Nothing but an exact repeat of the data, with pictures removed, belongs in the answer.

→ Dataset excerpt

- Opening Delimiter -

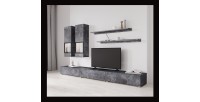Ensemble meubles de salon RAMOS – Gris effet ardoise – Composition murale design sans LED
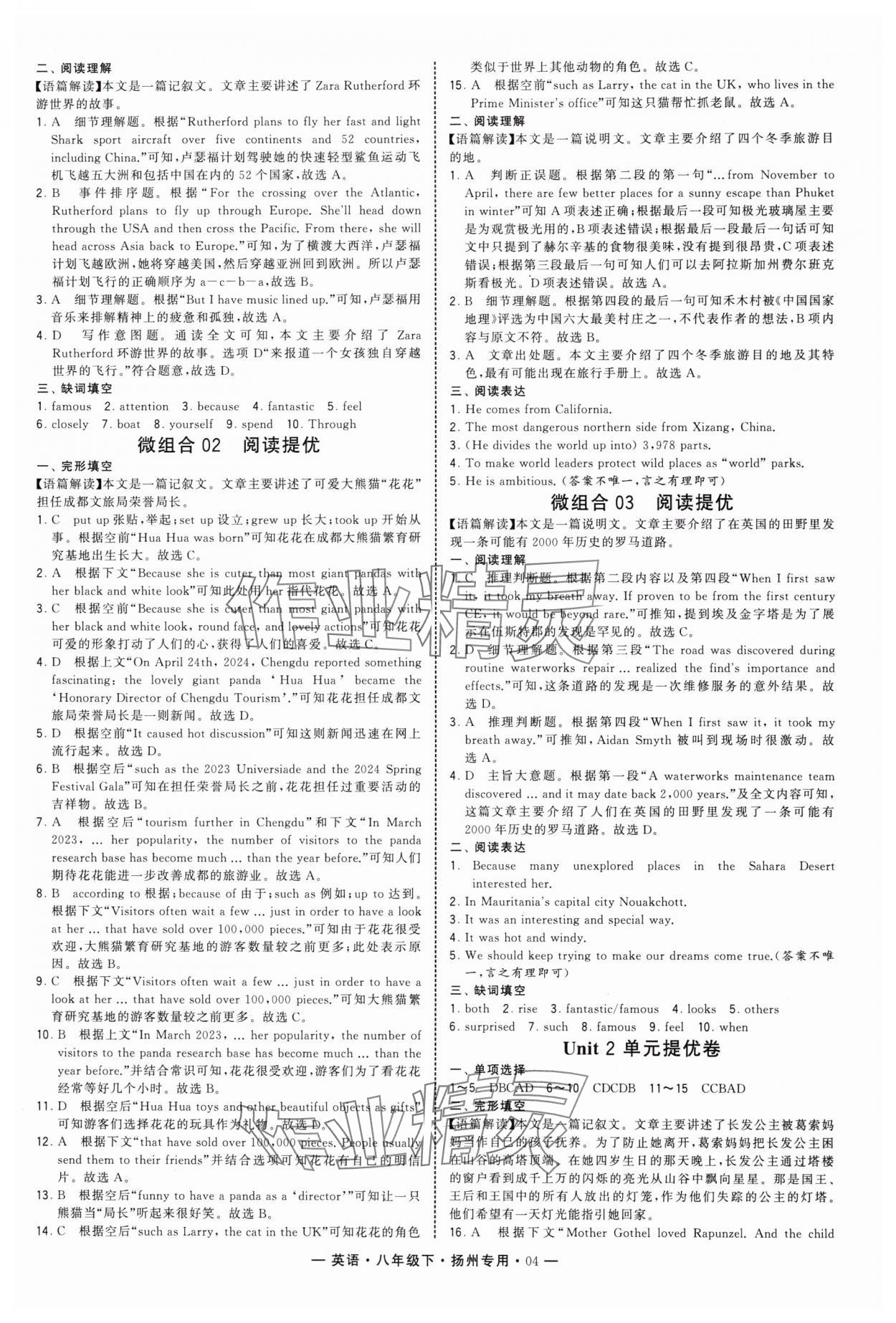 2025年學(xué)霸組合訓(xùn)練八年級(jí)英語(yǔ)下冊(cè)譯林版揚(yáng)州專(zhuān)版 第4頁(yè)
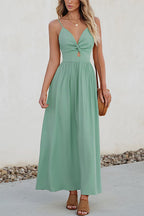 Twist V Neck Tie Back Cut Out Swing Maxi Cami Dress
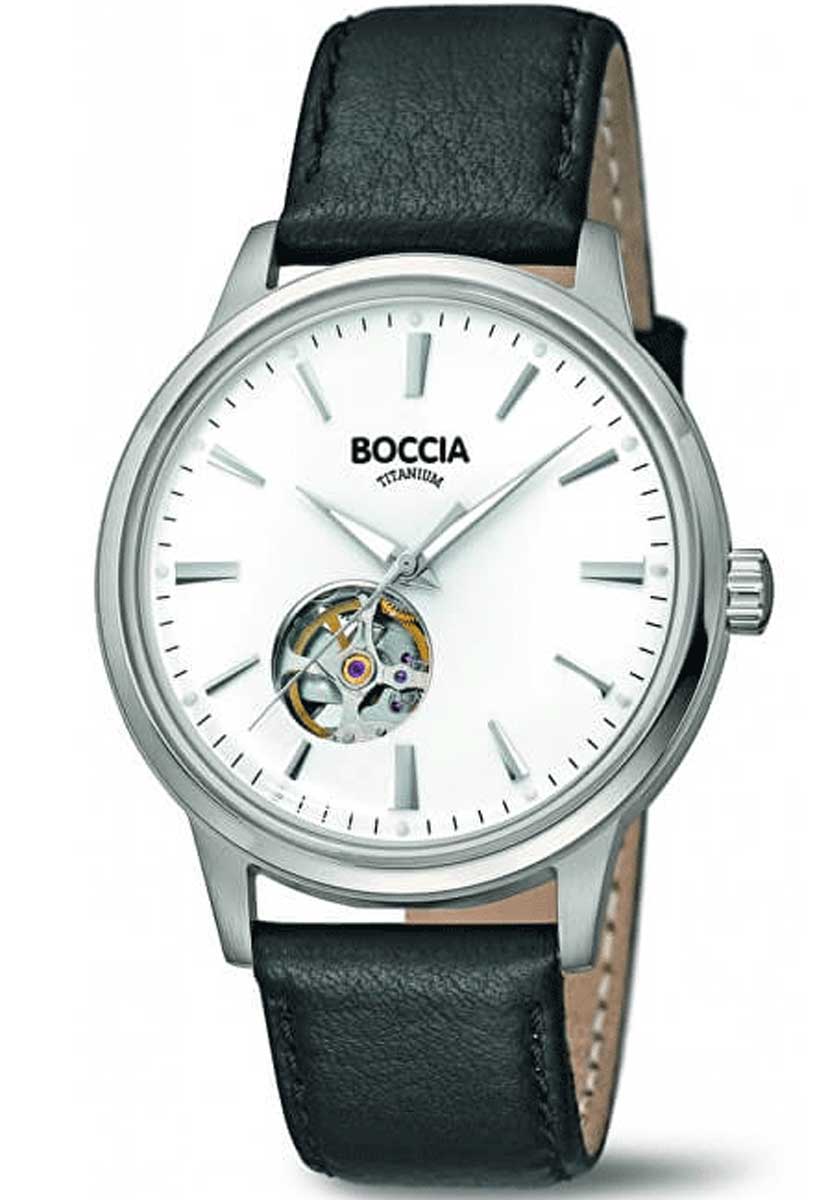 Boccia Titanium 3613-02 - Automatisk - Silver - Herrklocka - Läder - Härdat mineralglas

- Closing Delimiter -

→ Result
Ensemble meubles de salon RAMOS – Gris effet ardoise – Composition murale design sans LED
 2025年學(xué)霸組合訓(xùn)練八年級(jí)英語(yǔ)下冊(cè)譯林版揚(yáng)州專(zhuān)版 第4頁(yè)
 Twist V Neck Tie Back Cut Out Swing Maxi Cami Dress
 Boccia Titanium 3613-02 - Automatisk - Silver - Herrklocka - Läder - Härdat mineralglas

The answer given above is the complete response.